David Lynch, via la troisième saison de sa mythique série, dilatant et le temps* (en témoignent les si nombreuses répétitions, l’ineffable longueur de certains plans…) et l’espace (expliquer en quoi, serait déflorer l’inconnu), nous invite à vivre – grâce à cette forme d’immersion que provoquent la bande-image et la bande-son – une expérience, dans une forme de lâcher-prise, et non à être dans la position d’un spectateur recomposant patiemment, épisode après épisode, un savant puzzle.
Lynch nous invite, avec les moyens (relativement innombrables) que lui offre la série, à renoncer au désir de comprendre. À ce grand, profond désir qui nous anime, face à toute narration, serait-elle éclatée.
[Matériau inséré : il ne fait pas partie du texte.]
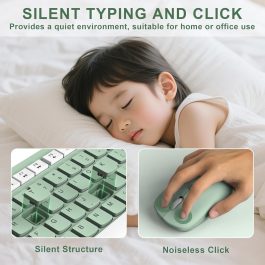 2.4G Silent Keyboard & Quiet Mouse Combo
Dévoyant, d’expérimentale manière, le précepte en germe dans Mulholland Drive (qui devait déjà être, à la base, une série) comme quoi une clé présentée comme signe, comme indice, devrait immanquablement, en ouvrant quelque chose, dénouer un mystère (alors qu’il s’agit bien plutôt de façonner le mystère).
Jusque dans l’horreur, la série est (et l’usage des synonymes est, ici, de rigueur) grotesque, bizarre, insolite, déroutante, fantasque, fantastique, drôle, abrupte, comique, farfelue, changeante, déconcertante, monstrueuse, bizarroïde, amusante, anormale, étonnante, abracadabrante, baroque, loufoque, belle, dérangée, biscornue, brindezingue, insensée, cocasse, hallucinée, curieuse, déséquilibrée, excentrique, extravagante, fêlée, fantaisiste.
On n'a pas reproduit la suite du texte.